Una lectura no maniquea del origen de la Primera Guerra Mundial

Una lectura no maniquea del origen de la Primera Guerra Mundial

Me ha llamado la atención el artículo que publica Christie Davies en The Salisbury Review en previsión de la avalancha de escritos conmemorando el centenario del inicio de la Primera Gran Mundial. El autor anticipa lo que va a ser la interpretación oficial con la que nos van a bombardear: los alemanes tuvieron la culpa, son congénitamente expansivos e imperialistas y, en el bando contrario, se encontraban los defensores de la democracia, pacifistas obligados a guerrear en la “guerra para acabar con todas las guerras” (que en realidad dio inicio a las guerras más atroces que hayamos visto),

Christie Davies lo ve de modo diferente y sus argumentos, provocativos, me han parecido bastante sólidos.

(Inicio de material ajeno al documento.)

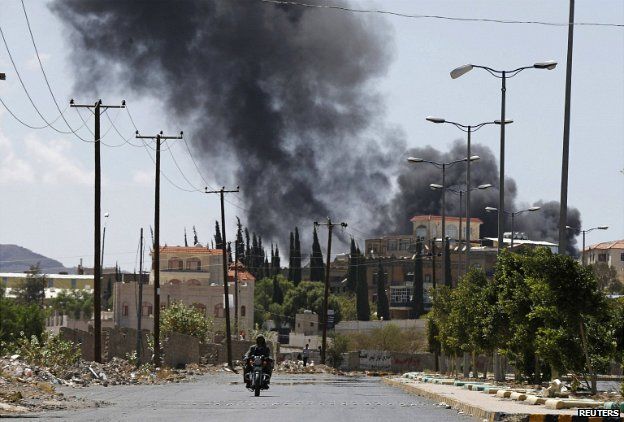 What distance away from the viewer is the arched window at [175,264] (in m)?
182

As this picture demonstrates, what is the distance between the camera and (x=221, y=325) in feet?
514

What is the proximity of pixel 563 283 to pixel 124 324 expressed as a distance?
12268cm

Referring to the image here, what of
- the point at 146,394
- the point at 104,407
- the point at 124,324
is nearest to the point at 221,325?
the point at 124,324

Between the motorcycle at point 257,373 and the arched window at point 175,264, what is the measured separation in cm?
14107

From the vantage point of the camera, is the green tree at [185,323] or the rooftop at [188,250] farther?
the rooftop at [188,250]

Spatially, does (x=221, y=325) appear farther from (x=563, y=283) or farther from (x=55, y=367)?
(x=563, y=283)

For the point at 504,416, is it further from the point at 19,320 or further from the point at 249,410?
the point at 19,320

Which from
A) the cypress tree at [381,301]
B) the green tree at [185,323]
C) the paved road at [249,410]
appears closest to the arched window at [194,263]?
the cypress tree at [381,301]

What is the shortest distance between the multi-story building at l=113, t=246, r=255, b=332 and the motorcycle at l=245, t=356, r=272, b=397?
299ft

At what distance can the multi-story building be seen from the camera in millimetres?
152500

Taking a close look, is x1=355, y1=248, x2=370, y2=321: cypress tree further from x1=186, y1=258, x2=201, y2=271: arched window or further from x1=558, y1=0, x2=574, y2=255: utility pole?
x1=558, y1=0, x2=574, y2=255: utility pole

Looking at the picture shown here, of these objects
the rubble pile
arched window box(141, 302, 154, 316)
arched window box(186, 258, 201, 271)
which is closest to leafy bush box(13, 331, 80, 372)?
the rubble pile

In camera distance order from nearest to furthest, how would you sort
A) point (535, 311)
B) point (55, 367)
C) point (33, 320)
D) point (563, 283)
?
point (563, 283) < point (535, 311) < point (55, 367) < point (33, 320)

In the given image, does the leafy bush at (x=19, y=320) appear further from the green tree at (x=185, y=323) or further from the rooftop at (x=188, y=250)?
the green tree at (x=185, y=323) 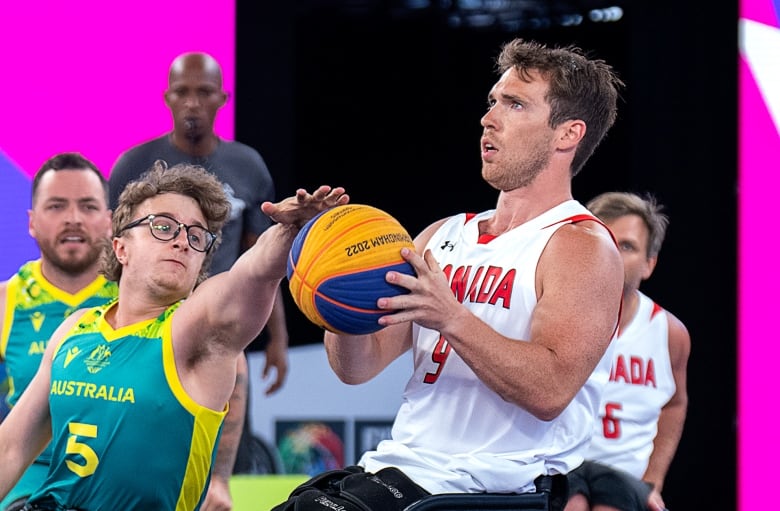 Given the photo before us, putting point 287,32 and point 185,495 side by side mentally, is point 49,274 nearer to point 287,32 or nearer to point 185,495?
point 185,495

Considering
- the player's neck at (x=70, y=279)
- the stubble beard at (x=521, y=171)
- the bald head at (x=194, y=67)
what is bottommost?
the player's neck at (x=70, y=279)

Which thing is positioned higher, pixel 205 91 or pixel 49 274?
pixel 205 91

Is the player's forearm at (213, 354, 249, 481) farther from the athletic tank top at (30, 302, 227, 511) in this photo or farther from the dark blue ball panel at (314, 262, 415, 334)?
the dark blue ball panel at (314, 262, 415, 334)

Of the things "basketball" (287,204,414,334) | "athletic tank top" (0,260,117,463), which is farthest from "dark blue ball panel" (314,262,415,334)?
"athletic tank top" (0,260,117,463)

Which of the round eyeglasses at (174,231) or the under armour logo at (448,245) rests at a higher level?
the round eyeglasses at (174,231)

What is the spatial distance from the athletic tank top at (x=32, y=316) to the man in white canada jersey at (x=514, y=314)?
1.70 meters

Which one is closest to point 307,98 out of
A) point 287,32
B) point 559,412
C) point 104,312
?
point 287,32

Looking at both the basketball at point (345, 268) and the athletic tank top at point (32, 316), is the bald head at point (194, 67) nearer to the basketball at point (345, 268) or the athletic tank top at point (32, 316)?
the athletic tank top at point (32, 316)

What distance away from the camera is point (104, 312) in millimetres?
3129

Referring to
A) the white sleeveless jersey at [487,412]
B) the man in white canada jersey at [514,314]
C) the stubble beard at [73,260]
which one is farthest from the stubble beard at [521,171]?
the stubble beard at [73,260]

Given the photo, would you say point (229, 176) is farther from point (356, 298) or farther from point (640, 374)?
point (356, 298)

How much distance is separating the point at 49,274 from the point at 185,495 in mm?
1688

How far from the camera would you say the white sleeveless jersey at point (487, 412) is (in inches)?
102

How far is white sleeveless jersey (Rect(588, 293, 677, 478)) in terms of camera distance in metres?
4.13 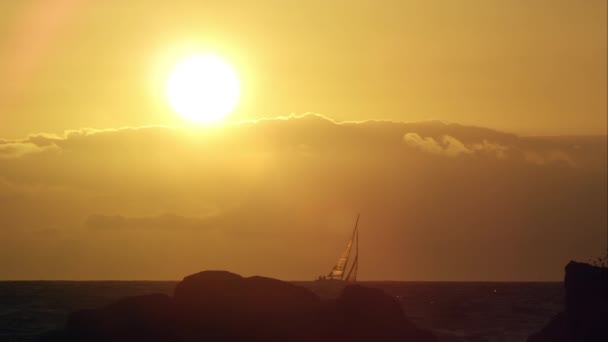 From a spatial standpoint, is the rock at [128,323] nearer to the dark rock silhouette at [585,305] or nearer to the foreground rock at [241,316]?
the foreground rock at [241,316]

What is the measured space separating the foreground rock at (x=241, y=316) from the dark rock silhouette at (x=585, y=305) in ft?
20.5

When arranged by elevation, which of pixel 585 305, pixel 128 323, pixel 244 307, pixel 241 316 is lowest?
pixel 128 323

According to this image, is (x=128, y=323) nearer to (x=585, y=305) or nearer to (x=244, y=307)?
(x=244, y=307)

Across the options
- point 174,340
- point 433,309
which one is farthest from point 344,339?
point 433,309

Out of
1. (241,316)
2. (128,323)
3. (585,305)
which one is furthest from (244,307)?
(585,305)

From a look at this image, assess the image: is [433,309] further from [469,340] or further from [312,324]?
[312,324]

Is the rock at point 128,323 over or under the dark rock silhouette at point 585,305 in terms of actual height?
under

En concreto, sostiene que una de las causas de la Gran Guerra fue la obsesión de Francia por recuperar Alsacia y una parte de Lorena, que habían sido incorporadas a Alemania tras la humillante derrota francesa en 1870. Pero, nos recuerda Davies, la guerra de 1870 no había sido declarada por los alemanes, sino por Francia, por Napoleón III, sin más base que responder a un insulto y dar rienda suelta a sus sueños imperialistas (los mismos que provocaron la trágica aventura imperial en México, la injerencia francesa en los asuntos italianos o que Palmerston decidiera construir una cadena de fuertes a lo largo de la costa inglesa para rechazar una no improbable agresión de este pequeño Napoleón).

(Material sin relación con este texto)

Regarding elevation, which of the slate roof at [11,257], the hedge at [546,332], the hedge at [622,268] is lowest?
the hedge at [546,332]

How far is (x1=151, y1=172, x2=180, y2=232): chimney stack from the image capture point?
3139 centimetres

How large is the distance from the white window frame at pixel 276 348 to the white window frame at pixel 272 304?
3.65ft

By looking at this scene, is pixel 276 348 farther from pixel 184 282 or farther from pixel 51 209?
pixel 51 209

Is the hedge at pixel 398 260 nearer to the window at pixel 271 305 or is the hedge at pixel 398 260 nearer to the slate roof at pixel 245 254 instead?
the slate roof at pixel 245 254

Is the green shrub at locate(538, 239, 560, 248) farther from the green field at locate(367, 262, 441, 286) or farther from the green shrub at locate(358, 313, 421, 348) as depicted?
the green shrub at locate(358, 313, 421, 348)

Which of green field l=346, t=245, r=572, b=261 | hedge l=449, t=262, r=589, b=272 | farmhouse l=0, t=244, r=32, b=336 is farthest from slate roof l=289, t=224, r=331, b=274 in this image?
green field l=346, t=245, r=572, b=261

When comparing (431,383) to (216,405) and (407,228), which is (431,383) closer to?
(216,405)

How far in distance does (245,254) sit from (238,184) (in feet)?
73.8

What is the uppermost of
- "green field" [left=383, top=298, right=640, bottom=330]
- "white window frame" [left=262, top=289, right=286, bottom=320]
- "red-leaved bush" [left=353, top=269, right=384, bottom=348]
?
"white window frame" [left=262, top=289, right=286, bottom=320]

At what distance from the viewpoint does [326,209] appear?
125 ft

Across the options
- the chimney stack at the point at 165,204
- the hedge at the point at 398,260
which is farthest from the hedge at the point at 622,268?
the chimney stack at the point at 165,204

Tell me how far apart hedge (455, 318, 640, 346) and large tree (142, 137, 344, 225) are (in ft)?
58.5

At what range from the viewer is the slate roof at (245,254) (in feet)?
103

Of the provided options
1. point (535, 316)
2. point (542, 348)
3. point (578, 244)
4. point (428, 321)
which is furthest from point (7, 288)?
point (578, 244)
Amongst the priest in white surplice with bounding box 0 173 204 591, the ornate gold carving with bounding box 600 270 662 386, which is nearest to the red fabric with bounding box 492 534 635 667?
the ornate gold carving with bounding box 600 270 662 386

El problema fue que la aventura bélica le volvió a salir mal. Tras la derrota de Sedán y la captura del mismo Napoleón III, Bismarck ofreció una paz bastante honrosa en la que Alemania sólo ganaba una pequeña porción de Alsacia. La reacción francesa fue redoblar el ataque: cinco meses después las tropas alemanas entraban en París y Alemania se quedaba con Alsacia y Lorena. Desde ese día Francia no dejó de cultivar un sentimiento de venganza y revancha contra una Alemania culpable de haberles vencido en una guerra provocada estúpidamente por la propia Francia, sentimiento clave para entender el estallido de la Primera Guerra Mundial.

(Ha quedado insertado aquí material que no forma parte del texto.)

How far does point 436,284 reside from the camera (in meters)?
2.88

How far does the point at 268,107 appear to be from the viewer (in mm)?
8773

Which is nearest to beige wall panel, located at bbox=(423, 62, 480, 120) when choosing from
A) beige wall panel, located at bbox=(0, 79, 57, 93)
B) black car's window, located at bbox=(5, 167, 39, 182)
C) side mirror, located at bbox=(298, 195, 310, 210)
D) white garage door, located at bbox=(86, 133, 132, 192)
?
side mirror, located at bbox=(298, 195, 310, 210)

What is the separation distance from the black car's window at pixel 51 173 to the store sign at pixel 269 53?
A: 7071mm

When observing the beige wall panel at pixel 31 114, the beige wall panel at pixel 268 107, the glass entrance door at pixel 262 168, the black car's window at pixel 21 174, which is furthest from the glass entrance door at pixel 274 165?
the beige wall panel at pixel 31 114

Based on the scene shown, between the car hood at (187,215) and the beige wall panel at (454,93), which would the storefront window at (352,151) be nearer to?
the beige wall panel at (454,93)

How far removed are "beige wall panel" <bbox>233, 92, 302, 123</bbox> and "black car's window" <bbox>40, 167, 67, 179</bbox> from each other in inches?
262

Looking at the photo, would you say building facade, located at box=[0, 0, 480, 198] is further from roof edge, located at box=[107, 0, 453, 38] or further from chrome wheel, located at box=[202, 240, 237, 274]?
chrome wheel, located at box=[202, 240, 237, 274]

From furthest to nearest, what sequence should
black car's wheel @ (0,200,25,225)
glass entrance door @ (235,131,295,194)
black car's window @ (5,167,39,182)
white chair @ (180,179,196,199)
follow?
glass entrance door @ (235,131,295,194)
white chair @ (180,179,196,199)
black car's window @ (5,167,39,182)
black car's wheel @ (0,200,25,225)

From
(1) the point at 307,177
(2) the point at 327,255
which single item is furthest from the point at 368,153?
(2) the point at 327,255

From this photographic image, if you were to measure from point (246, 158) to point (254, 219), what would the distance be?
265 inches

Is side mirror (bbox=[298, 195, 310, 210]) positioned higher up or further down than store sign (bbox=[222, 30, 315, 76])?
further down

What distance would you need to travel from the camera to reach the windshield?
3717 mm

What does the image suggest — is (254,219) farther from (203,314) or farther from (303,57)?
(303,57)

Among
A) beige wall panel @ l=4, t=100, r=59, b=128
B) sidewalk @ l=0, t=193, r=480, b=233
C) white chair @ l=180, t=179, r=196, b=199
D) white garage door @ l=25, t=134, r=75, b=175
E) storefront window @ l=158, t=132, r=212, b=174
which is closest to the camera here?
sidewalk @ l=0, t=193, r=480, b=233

Segundo punto: la alianza franco-rusa de 1894, dirigida contra el Imperio austrohúngaro y Alemania, hicieron que la guerra fuera sólo cuestión de tiempo. La ayuda francesa hizo que Rusia se sintiera fuerte y respondiera agresivamente cuando Austria-Hungría entró en guerra con Serbia. De no haber sido así, hubiésemos asistido a una nueva guerra balcánica, de las muchas que se sucedían desde que el imperio otomano había empezado a declinar. Cuando Rusia movilizó a sus ejércitos y solicitó a Francia la movilización de los suyos, Alemania se sintió, correctamente, amenazada. Cuando Rusia declaró la guerra, Francia vio su oportunidad de conseguir la revancha largo tiempo anhelada.

Los acuerdos militares secretos de Francia con la Inglaterra de Eduardo VII tampoco ayudaron. El Reino Unido debería haber avisado explícitamente que la entrada de Alemania en Bélgica iba a provocar su participación en el conflicto, disuadiendo probablemente a Alemania de involucrar a Inglaterra (que, por cierto, además de perder a un millón de hombres, perdió también Irlanda de resultas de la Gran Guerra).

En definitiva, que más que leer una historia maniquea de buenos y malos, haríamos bien, a la hora de volver la mirada hacia la Primera Guerra Mundial, en recordar aquello de que quien esté libre de pecado que tire la primera piedra. Y tener bien presente que, a veces, diferentes decisiones, que una a una no parecen tan graves, acaban creando una situación explosiva.